もちろん無人タクシーも車両認証、自動運行装置、遠隔監視、事故対応など、新しい安全規制が必要になるが、制度の前提が逆転することは間違いない。
運転手不足の原因は規制による供給制限
政府が日本版ライドシェアを導入した理由は、「地域交通の担い手」と「移動の足」の不足だった。つまりタクシー運転手が足りないから、例外的に普通免許の一般ドライバーを使おうという制度だった。(国土交通省)

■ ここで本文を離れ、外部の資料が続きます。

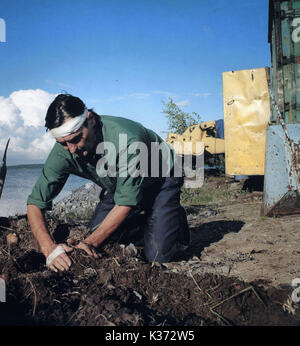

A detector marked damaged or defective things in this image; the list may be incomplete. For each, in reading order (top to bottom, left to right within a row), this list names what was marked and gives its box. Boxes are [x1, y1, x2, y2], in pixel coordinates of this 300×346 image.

rusty metal panel [221, 68, 270, 176]
rusty metal panel [262, 123, 300, 215]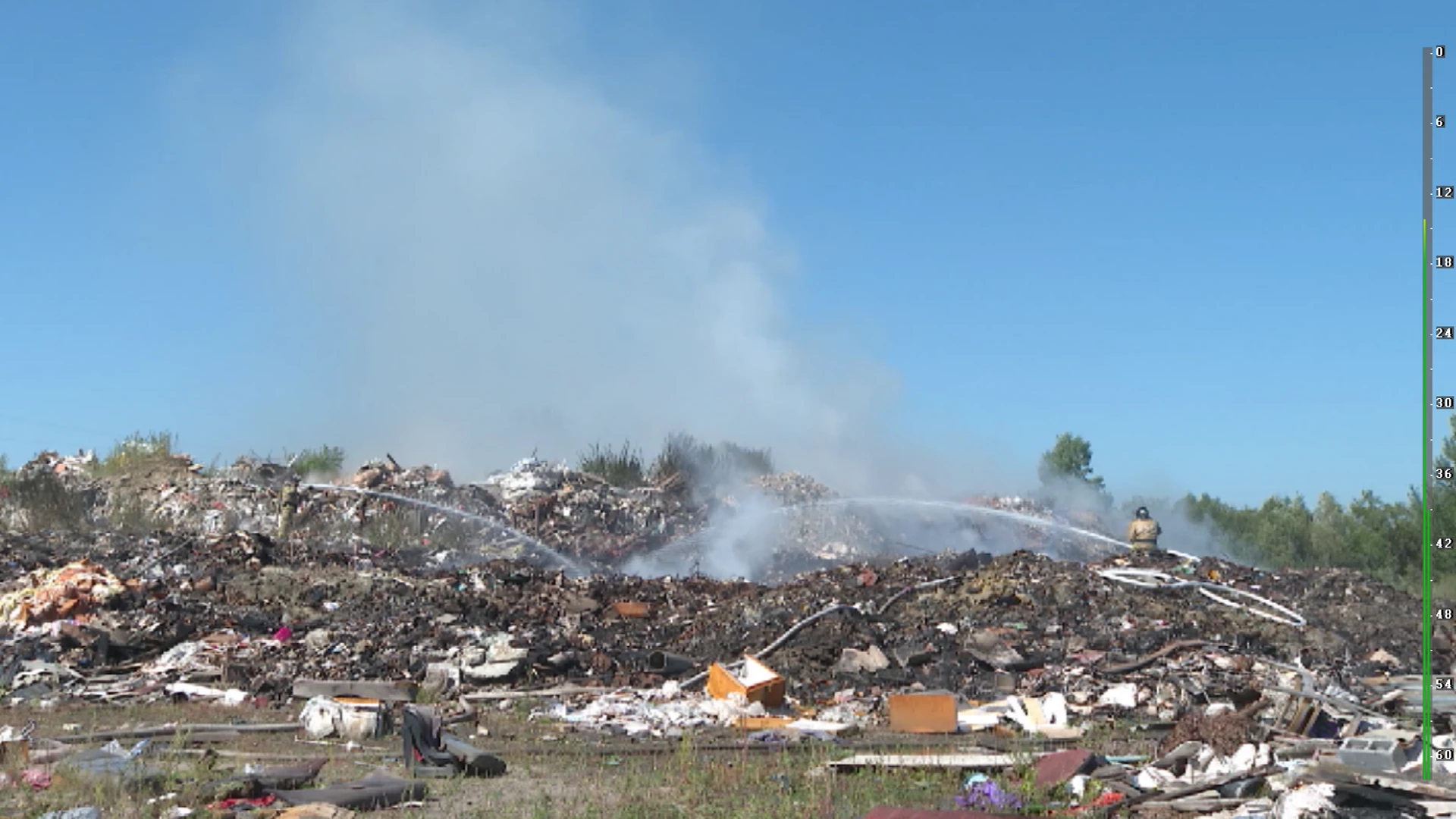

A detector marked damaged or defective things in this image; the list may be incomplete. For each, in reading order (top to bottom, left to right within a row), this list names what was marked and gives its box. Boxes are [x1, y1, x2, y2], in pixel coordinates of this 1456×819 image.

broken plank [288, 679, 416, 699]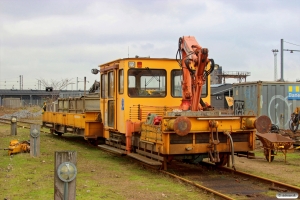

ところが自動運転が実用化されれば、この前提そのものが消える。Waymoは24時間働いても過労運転にならない。高齢化もしない。採用難もない。二種免許を取る人が減ったという問題もない。車両を増やせば供給を増やせる。
需要が増えれば、無人タクシーを増やせばいい。あるいは人間のライドシェアを増やしてもいい。利用者から見れば、重要なのは安全性、料金、待ち時間であって、運転しているのが二種免許の運転手なのか、一種免許の一般ドライバーなのか、GoogleのAIなのかは二次的な問題である。
守るべきは利用者か、既存業者か
自動運転時代になると、日本のタクシー行政が何を守ってきたのかも問われる。安全性を守ることは必要だが、タクシー会社でないと客を運んではならないという規制は必要ない。Waymoはアメリカでは免許なしで運行している。
もちろんWaymoの安全性はきびしく検証すべきだが、同じように人間のライドシェアについても事故率や保険、運転履歴、利用者評価など客観的な基準で安全性を管理すればよい。既存タクシー会社を通すかどうかを安全性の基準にする必要はない。
2027年に東京を走り始めるWaymoが突きつける最大の問題は、自動運転技術の性能だけではない。人間の運転手まで不要になる時代に、なぜタクシー会社を中心につくられた現在の規制体系を残さなければならないのか、という根本的な疑問である。